My point here is to undertand how to handle dimensions and therefore understand how to implement recurrent neural networks. As you may already know, there is a lot of ways of using RNNs. I'm going to focus on Andrej Karpathy's illustration which I find clear and to the point :
Each rectangle is a vector and arrows represent functions (e.g. matrix multiply). Input vectors are in red, output vectors are in blue and green vectors hold the RNN's state (more on this soon). From left to right: (1) Vanilla mode of processing without RNN, from fixed-sized input to fixed-sized output (e.g. image classification). (2) Sequence output (e.g. image captioning takes an image and outputs a sentence of words). (3) Sequence input (e.g. sentiment analysis where a given sentence is classified as expressing positive or negative sentiment). (4) Sequence input and sequence output (e.g. Machine Translation: an RNN reads a sentence in English and then outputs a sentence in French). (5) Synced sequence input and output (e.g. video classification where we wish to label each frame of the video). Notice that in every case are no pre-specified constraints on the lengths sequences because the recurrent transformation (green) is fixed and can be applied as many times as we like.
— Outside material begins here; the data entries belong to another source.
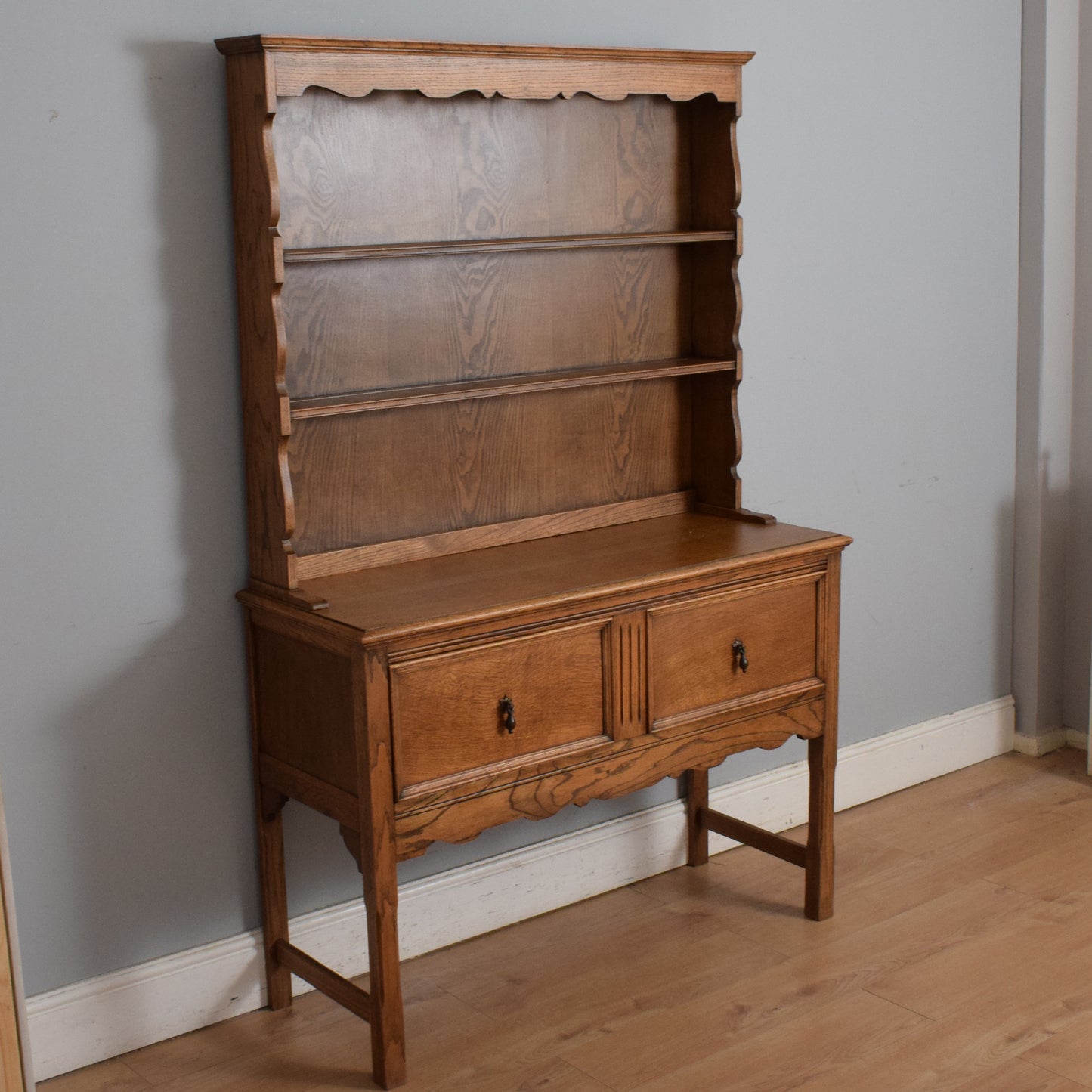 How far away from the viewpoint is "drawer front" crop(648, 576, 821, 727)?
2.83 m

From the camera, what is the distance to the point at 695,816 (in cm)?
347

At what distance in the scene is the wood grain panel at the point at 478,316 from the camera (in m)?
2.75

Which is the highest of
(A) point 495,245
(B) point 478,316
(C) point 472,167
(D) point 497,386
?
(C) point 472,167

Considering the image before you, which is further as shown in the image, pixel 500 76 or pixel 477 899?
pixel 477 899

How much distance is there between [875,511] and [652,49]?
4.63ft

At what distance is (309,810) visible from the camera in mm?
2895

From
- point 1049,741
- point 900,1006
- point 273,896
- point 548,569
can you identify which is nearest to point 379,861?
point 273,896

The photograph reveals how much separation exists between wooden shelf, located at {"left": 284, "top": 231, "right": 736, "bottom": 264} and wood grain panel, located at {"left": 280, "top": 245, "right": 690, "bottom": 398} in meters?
0.05

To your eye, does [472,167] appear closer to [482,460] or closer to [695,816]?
[482,460]

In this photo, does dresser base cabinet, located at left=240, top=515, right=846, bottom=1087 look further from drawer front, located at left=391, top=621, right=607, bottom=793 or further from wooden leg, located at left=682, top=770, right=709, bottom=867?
wooden leg, located at left=682, top=770, right=709, bottom=867

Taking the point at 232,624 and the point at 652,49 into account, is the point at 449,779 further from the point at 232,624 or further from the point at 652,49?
the point at 652,49

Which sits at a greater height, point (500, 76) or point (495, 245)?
point (500, 76)

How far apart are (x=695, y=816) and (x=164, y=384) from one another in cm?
166

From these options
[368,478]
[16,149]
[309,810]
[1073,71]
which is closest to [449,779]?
[309,810]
I'd like to add two minor points to this:
-
First (call me Captain Obvious if you like), time goes from left to right. So Horizontally, Inputs and Outputs are different each time. On the other hand, the Network (middle, green) is the "same", however updated from its recurrence.
-
Second, regarding depth, the chart shows a one-layered network. Adding a second layer would be vertically drawn: it would mean adding (horizontally aligned) green boxes on top of the existing ones, pointing both to the right and the top, taking their inputs from the first layer.
With recurrent networks, we speak of time. Time means we feed examples one after the other. Does it mean online learning? Certainly not. You can still use batches! Wait... batch after batch is the common way to train networks! So what's new?
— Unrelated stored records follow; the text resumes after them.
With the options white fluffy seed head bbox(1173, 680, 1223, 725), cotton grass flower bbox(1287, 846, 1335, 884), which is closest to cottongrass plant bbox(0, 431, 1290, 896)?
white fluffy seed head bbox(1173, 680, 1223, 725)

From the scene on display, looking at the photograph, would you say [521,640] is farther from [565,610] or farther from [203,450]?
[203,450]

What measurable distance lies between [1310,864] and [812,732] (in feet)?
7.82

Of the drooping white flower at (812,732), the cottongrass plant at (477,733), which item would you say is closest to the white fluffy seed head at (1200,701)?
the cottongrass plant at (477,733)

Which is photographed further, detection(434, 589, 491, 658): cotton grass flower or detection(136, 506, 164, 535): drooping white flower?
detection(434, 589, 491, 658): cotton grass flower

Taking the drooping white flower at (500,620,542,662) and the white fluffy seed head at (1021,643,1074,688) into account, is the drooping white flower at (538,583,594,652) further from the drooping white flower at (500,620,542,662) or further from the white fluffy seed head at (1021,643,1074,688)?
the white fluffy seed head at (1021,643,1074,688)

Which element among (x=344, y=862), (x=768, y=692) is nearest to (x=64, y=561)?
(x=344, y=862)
The difference between a feedforward and a recurrent network is that batches are made of sequences, representing timesteps. To recall A. Karpathy's examples, these sequences can be words of a sentence or frames of a video. Or values of a time-series (financial valuations, electroencephalogram measures ...).
Say you add a third dimension to the chart. Then You'll have "vertical" inputs, hidden layers and outputs, representing the batch. The clearest example, to my mind is looking at (5):
- A first batch of inputs is fed to the network: "vertically" you'll have a number of examples, fed in parallel to the network, horizontally you'll have the various timesteps of the sequence.
- The first matrix forwarded into the network, the first red rectangle, is the first time step of the first batch.
- As usual, the network outputs values out of this input
- However now these values will be reused later
- Then a second input is given: it is the second timestep of the first batch
- The network now takes this new input + the previous prediction to generate its output and feed his "next-step-self"
- Once all the timesteps of the first batch have been fed to the network, the backpropagation through time algorithm is run, weights and biases are updated and the second batch comes in.
The other ones are just derived from it, all you need is not to store/take into account outputs to get (3), feed empty inputs to get (2) and do both to get (4). (1) is a simple feedforward net (dense or convolutional).
So let's get back to dimensions:
- you'll feed
batch_size
examples at a time - each one containing
seq_len
timesteps - and each of this timestep being
input_features
-dimensional, that is to say your examples haveinput_features
features.
Quick and simple explanation on Wikipedia:
The idea is to unfold through time the network's graph (in this example, seq_len = 3
) and then apply the original backpropagation algorithm.
Let's have a quick look at Lasagne's recurrent.py example.
The task is the following, which is simply an addition:
# [...]
MAX_LENGTH = 55
# [...]
N_BATCH = 100
# [...]
'''
the target for the
following
``| 0.5 | 0.7 | 0.3 | 0.1 | 0.2 | ... | 0.5 | 0.9 | ... | 0.8 | 0.2 |
| 0 | 0 | 1 | 0 | 0 | | 0 | 1 | | 0 | 0 |``
would be 0.3 + .9 = 1.2. This task was proposed in [1]_ and explored in
e.g. [2]_.
[...]
References
----------
.. [1] Hochreiter, Sepp, and Jürgen Schmidhuber. "Long short-term memory."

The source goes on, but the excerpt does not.